[Entries provided Boundary: Start]

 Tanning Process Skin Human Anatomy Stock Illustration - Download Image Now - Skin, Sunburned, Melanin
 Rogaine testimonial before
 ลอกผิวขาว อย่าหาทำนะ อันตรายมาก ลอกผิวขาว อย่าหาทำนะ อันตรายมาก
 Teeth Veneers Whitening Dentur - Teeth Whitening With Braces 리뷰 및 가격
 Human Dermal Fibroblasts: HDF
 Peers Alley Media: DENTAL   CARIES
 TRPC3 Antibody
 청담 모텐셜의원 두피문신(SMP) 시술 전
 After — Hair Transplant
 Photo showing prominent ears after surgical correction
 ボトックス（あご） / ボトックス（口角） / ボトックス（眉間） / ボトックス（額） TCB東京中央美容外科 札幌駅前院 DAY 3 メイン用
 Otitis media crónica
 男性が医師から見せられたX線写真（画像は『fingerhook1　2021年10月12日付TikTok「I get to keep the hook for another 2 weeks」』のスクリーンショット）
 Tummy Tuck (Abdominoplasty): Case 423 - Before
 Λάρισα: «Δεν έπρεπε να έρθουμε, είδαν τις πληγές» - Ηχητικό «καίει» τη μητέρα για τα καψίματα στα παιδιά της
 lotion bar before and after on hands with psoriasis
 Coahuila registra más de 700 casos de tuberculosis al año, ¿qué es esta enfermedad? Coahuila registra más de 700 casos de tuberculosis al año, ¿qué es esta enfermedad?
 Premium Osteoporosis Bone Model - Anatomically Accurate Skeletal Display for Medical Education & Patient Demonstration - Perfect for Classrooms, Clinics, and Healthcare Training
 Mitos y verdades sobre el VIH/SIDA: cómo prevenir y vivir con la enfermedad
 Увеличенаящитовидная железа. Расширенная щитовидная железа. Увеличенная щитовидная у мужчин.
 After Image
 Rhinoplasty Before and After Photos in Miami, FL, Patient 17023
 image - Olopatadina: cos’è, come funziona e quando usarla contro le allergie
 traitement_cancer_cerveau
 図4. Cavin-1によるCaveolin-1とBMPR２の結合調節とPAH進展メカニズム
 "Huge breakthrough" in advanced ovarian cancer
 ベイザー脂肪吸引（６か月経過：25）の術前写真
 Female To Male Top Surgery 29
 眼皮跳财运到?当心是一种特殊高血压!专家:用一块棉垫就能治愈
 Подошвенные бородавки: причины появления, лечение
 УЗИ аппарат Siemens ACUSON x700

[Entries provided Boundary: End]

→ **Prompt**: I would like the records restated exactly, with every line intact.

→ **Result for this exercise**:
 Tanning Process Skin Human Anatomy Stock Illustration - Download Image Now - Skin, Sunburned, Melanin
 Rogaine testimonial before
 ลอกผิวขาว อย่าหาทำนะ อันตรายมาก ลอกผิวขาว อย่าหาทำนะ อันตรายมาก
 Teeth Veneers Whitening Dentur - Teeth Whitening With Braces 리뷰 및 가격
 Human Dermal Fibroblasts: HDF
 Peers Alley Media: DENTAL   CARIES
 TRPC3 Antibody
 청담 모텐셜의원 두피문신(SMP) 시술 전
 After — Hair Transplant
 Photo showing prominent ears after surgical correction
 ボトックス（あご） / ボトックス（口角） / ボトックス（眉間） / ボトックス（額） TCB東京中央美容外科 札幌駅前院 DAY 3 メイン用
 Otitis media crónica
 男性が医師から見せられたX線写真（画像は『fingerhook1　2021年10月12日付TikTok「I get to keep the hook for another 2 weeks」』のスクリーンショット）
 Tummy Tuck (Abdominoplasty): Case 423 - Before
 Λάρισα: «Δεν έπρεπε να έρθουμε, είδαν τις πληγές» - Ηχητικό «καίει» τη μητέρα για τα καψίματα στα παιδιά της
 lotion bar before and after on hands with psoriasis
 Coahuila registra más de 700 casos de tuberculosis al año, ¿qué es esta enfermedad? Coahuila registra más de 700 casos de tuberculosis al año, ¿qué es esta enfermedad?
 Premium Osteoporosis Bone Model - Anatomically Accurate Skeletal Display for Medical Education & Patient Demonstration - Perfect for Classrooms, Clinics, and Healthcare Training
 Mitos y verdades sobre el VIH/SIDA: cómo prevenir y vivir con la enfermedad
 Увеличенаящитовидная железа. Расширенная щитовидная железа. Увеличенная щитовидная у мужчин.
 After Image
 Rhinoplasty Before and After Photos in Miami, FL, Patient 17023
 image - Olopatadina: cos’è, come funziona e quando usarla contro le allergie
 traitement_cancer_cerveau
 図4. Cavin-1によるCaveolin-1とBMPR２の結合調節とPAH進展メカニズム
 "Huge breakthrough" in advanced ovarian cancer
 ベイザー脂肪吸引（６か月経過：25）の術前写真
 Female To Male Top Surgery 29
 眼皮跳财运到?当心是一种特殊高血压!专家:用一块棉垫就能治愈
 Подошвенные бородавки: причины появления, лечение
 УЗИ аппарат Siemens ACUSON x700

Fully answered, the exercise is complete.